Records drawn from a dataset

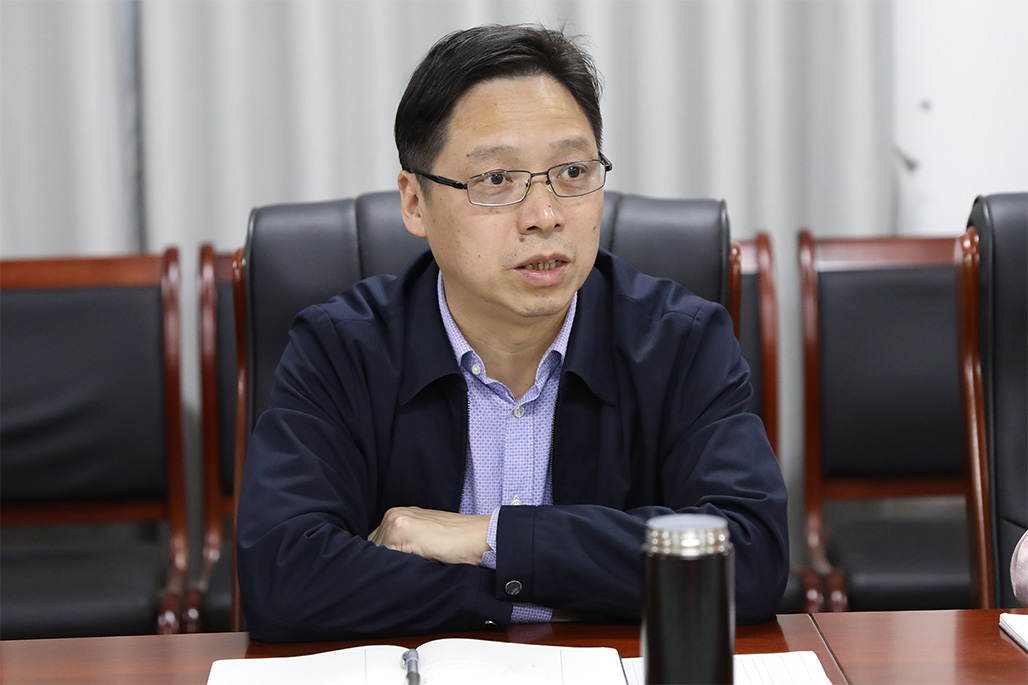 校党委书记李来清主持召开马克思主义学院教师座谈会 校党委书记李来清主持召开马克思主义学院教师座谈会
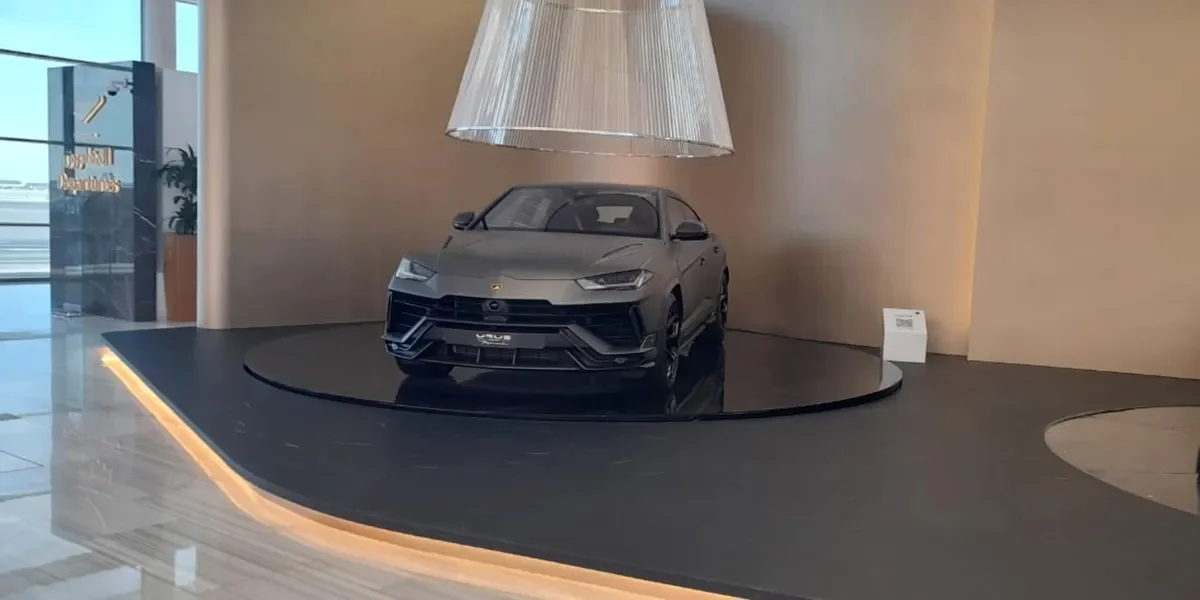 منصّة تدوير غاطسة بمحاذاة الأرض في قبو فيلا بالإمارات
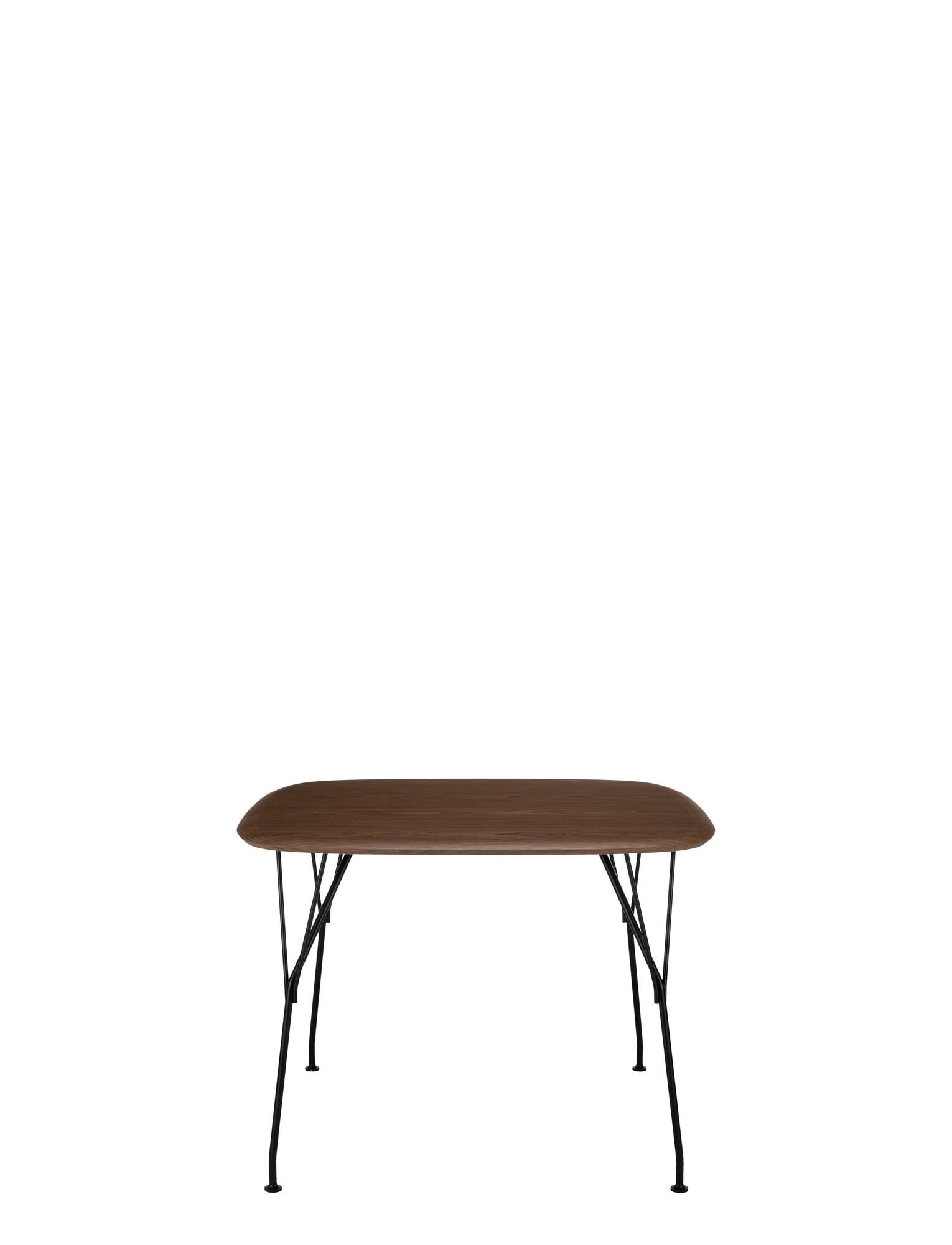 Les tables en bois Viscount sont les dernières nouveautés. Ces tables composées naturellement complètent le choix de sièges de la collection et créent un espace de vie durable dans lequel le bois joue un rôle central grâce à ses propriétés de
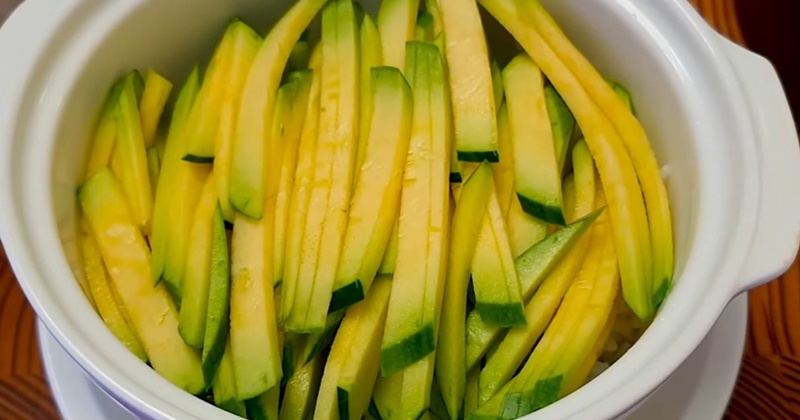 애호박은 일단 무조건 '밥' 위에 올리세요...주말마다 먹게 될 겁니다 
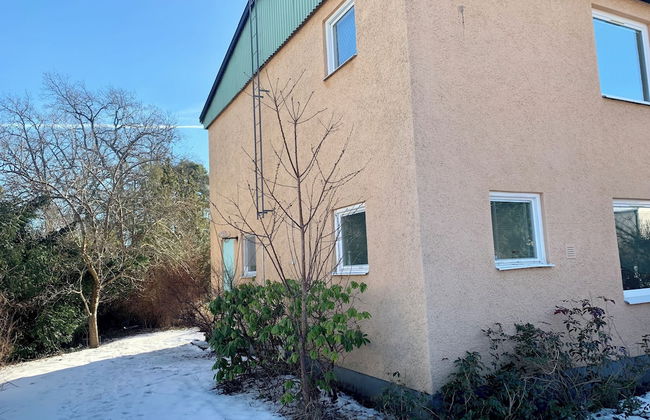 Cozy Small Apartment Just Outside Stockholm - Photo 11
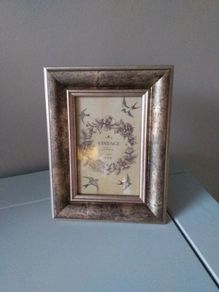 Vintage Look Gold Photo Frame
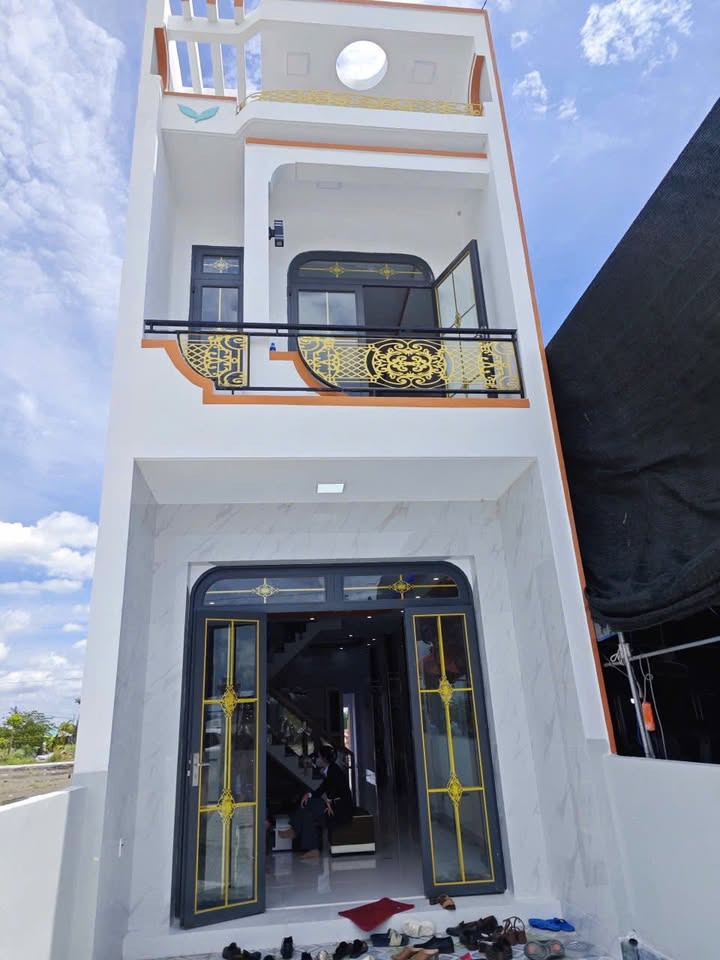 Nhà 2 tầng 135.6m² tại Ấp 5, Phước Vân, Long An - Giá 2.3 tỷ, chính chủ bán gấp!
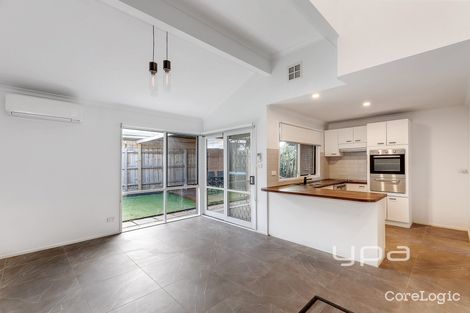 Property photo of 56 Hothlyn Drive Craigieburn VIC 3064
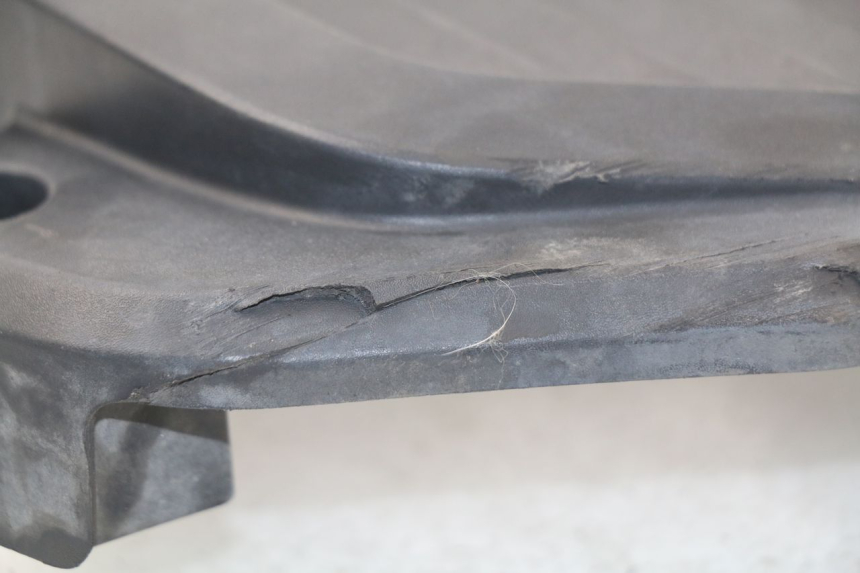 photo de GRADE DO RADIADOR HONDA PCX (JF47) 125 (2012 - 2013) - Pontos de fixação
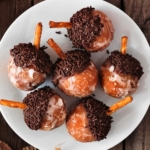 Are you looking for an easy fall dessert recipe to make with your kids? These Acorn donut holes are a MUST try! Each donut hole is covered with melted chocolate and sprinkles. Pop a pretzel stick on top and you have the perfect fall treat! I love to make these donut hole acorns for my thanksgiving dessert table or for the company potluck. You just can’t go wrong with chocolate covered donuts this holiday season.
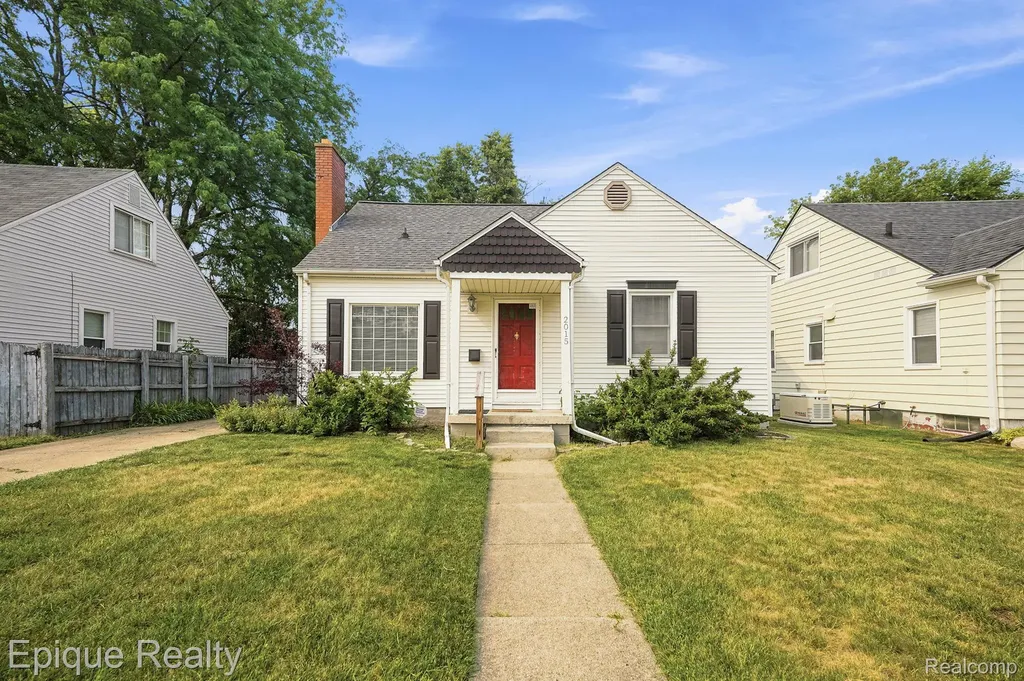 2015 Gold Avenue Flint City MI 48503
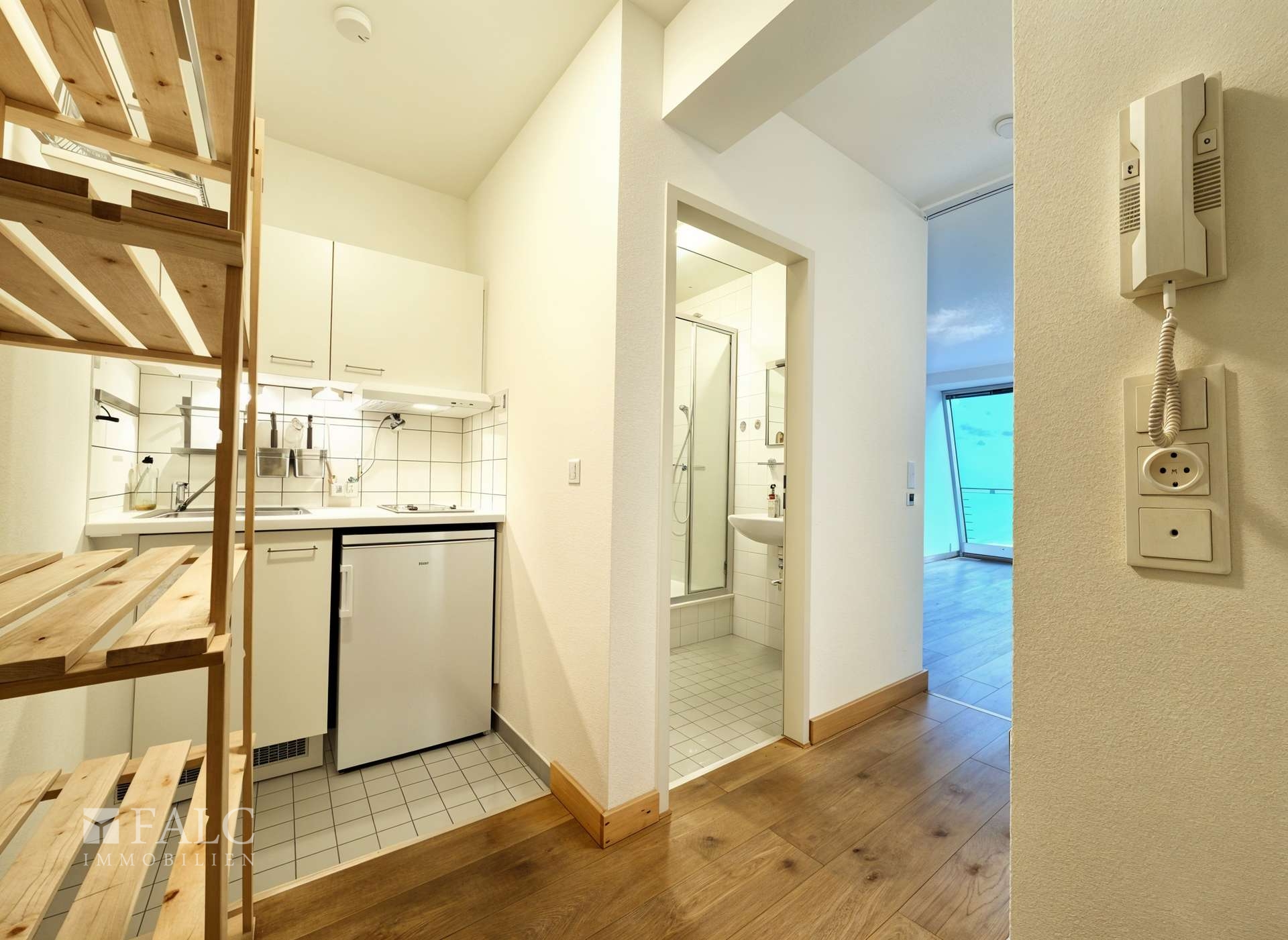 Eingangsbereich mit Blick in die Küche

• EXERCISE AIM
Reproduce the records above from their first line to the line bearing "Les tables en", both ends included, leaving every picture out.

• COMPLETED TASK
 校党委书记李来清主持召开马克思主义学院教师座谈会 校党委书记李来清主持召开马克思主义学院教师座谈会
 منصّة تدوير غاطسة بمحاذاة الأرض في قبو فيلا بالإمارات
 Les tables en bois Viscount sont les dernières nouveautés. Ces tables composées naturellement complètent le choix de sièges de la collection et créent un espace de vie durable dans lequel le bois joue un rôle central grâce à ses propriétés de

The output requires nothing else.